The federal government appropriated some $5.5 billion among the states in fiscal year 2010 for foster care and permanency programs, with an emphasis on foster spending.
“That’s one of the reasons it’s been hard for states to put money into keeping families together because you don’t get any federal match for that,” said Booth. “It’s a terrible disincentive to keeping families together or it’s an incentive for removing children.”
Her organization developed a program used in several states called Homebuilders. It provides in-home counseling, education and crisis intervention to families that have children at risk of being taken away from home.
Homebuilders is one of the oldest of many such programs that aim to divert children away from state care, and works upwards of three-quarters of the time, according to numerous studies.
That’s the sort of outcome the federal Administration for Children and Families wants from the plans the states have outlined. The federal agency has published proposals from nine states. Three more proposals are still being fine-tuned before publication, according to a spokesman for the ACF.
By the end of September, the agency is scheduled to make the 10 awards. They will be judged on: increasing permanency for youth, keeping youth in their homes, preventing child abuse or neglect, or preventing re-entry of children into the system.

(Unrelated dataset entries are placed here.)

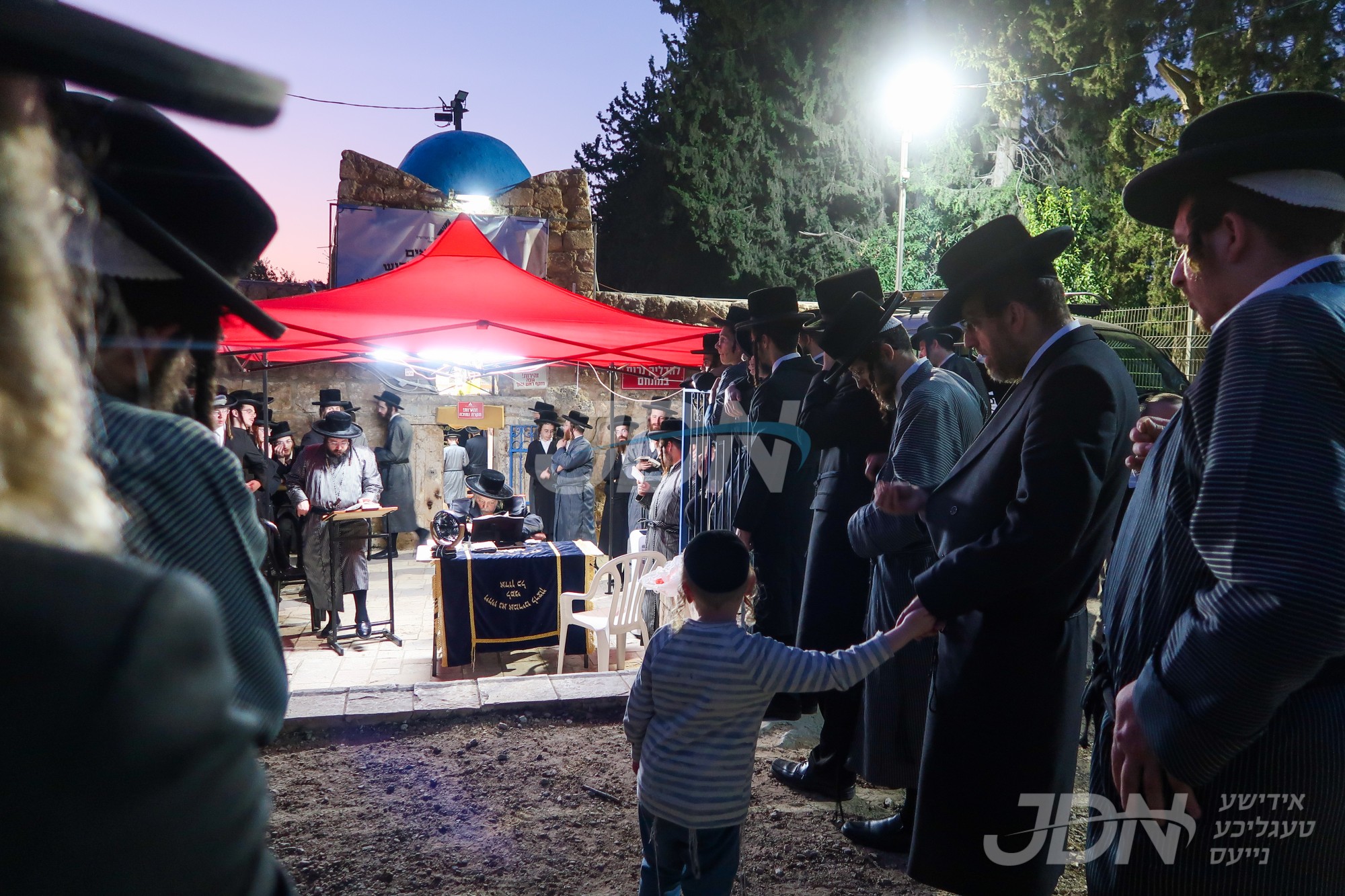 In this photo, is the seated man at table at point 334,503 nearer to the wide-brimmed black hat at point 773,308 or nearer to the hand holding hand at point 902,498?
the wide-brimmed black hat at point 773,308

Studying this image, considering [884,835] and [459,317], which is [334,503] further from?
[884,835]

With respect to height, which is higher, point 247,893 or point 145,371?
point 145,371

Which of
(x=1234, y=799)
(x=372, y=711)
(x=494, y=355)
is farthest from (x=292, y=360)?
(x=1234, y=799)

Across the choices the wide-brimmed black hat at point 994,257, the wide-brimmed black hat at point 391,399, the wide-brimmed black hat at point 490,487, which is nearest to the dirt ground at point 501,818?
the wide-brimmed black hat at point 994,257

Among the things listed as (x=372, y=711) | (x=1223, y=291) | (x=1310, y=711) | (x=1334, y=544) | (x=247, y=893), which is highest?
(x=1223, y=291)

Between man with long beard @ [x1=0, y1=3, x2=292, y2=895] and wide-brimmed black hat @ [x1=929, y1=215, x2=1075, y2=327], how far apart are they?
2.19 metres

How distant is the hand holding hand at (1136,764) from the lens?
57.9 inches

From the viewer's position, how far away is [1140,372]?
10.9m

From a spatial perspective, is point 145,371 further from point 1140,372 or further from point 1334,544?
point 1140,372

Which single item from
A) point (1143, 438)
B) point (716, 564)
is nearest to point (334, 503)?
point (716, 564)

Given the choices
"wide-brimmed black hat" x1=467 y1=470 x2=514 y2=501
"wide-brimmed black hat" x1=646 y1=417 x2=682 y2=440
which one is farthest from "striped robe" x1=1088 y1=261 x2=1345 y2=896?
"wide-brimmed black hat" x1=467 y1=470 x2=514 y2=501

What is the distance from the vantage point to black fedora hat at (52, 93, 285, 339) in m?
0.77

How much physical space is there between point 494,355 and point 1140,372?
8.16m

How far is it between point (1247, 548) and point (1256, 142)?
734 millimetres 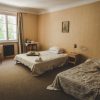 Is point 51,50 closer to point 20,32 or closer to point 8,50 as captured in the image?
point 20,32

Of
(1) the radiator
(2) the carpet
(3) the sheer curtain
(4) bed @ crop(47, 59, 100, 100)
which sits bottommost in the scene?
(2) the carpet

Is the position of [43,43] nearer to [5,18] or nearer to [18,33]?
[18,33]

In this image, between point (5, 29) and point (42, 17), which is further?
Result: point (42, 17)

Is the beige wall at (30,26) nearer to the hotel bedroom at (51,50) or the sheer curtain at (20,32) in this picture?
the hotel bedroom at (51,50)

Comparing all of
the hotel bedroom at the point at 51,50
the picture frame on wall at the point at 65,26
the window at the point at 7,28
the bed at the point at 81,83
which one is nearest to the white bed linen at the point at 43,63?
the hotel bedroom at the point at 51,50

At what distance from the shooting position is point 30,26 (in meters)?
6.20

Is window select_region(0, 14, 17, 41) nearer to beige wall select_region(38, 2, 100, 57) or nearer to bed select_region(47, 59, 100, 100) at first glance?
beige wall select_region(38, 2, 100, 57)

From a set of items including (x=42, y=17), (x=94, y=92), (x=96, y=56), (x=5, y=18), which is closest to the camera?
(x=94, y=92)

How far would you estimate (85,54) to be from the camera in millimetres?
4320

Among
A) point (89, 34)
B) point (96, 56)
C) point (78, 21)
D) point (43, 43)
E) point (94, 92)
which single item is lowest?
point (94, 92)

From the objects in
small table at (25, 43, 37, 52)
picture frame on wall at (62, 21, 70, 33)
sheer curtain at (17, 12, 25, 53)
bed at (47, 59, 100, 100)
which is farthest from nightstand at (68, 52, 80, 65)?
sheer curtain at (17, 12, 25, 53)

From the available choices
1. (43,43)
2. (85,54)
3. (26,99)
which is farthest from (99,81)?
(43,43)

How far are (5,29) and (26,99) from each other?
4.24 m

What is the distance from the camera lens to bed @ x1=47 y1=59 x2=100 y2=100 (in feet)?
6.60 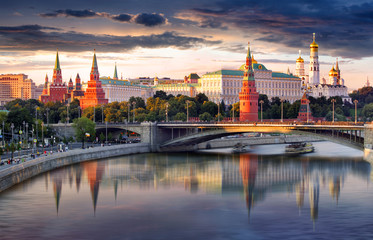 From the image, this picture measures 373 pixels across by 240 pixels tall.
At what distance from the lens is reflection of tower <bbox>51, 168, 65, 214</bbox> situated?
45.1 m

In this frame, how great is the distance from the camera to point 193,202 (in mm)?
43812

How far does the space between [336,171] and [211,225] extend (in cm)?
2637

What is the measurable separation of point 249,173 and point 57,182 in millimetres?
17702

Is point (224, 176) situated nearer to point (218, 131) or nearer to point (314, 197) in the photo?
point (314, 197)

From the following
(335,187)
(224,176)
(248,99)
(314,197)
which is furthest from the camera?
(248,99)

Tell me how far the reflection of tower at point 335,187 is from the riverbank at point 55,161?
22.4 m

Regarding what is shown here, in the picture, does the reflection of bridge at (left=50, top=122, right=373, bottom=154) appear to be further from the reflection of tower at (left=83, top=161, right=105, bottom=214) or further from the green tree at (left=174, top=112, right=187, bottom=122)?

Foster care should indeed first be seen as a temporary system of care, according to Richard Klarberg, president and CEO of the Council on Accreditation, a New York-based nonprofit that develops and helps implement service delivery standards for family and children agencies. “Too often the foster care system is designed to replace the child’s family and energies go into that design instead of the temporary nature of the placement,” said Klarberg.
A good philosophy about service, he continued, considers that most parents want to be good parents but may need help and resources to handle their responsibilities.
“I believe the data suggest that many, many more families could keep their kids or could achieve prompt reunification if they were given a chance,” said Booth.
She cited a 2002 Michigan study that randomly assigned children who were on the verge of being removed from home either to Homebuilders or to foster care. About 90 percent of cases that went through Homebuilders had avoided placement 12 months later.
Richard Wexler, executive director of the National Coalition for Child Protection Reform, a network of welfare professionals, evaluated the nine state proposals and assigned them grades ranging from F to B-plus. He used several criteria, and said higher grades went to the most comprehensive proposals.
“I’ve never seen an A-plus because this is so new,” he admitted, but added that he gives credit to the B-plus states because it’s a difficult process.
Yet he will not give an A-plus until he sees a proposal for due process improvements, such as ensuring quality counsel to families in the court system on child welfare charges.
He also says that the evaluations required of each program are so complex, burdensome and subjective that it encourages “timid, small-scale proposals that will help relatively few children.”
Published proposals have come from Arkansas, Colorado, Illinois, Massachusetts, Michigan, Pennsylvania, Utah, Washington and Wisconsin.
In each of the next two fiscal years, 2013 and 2014, the agency will also award 10 more waivers.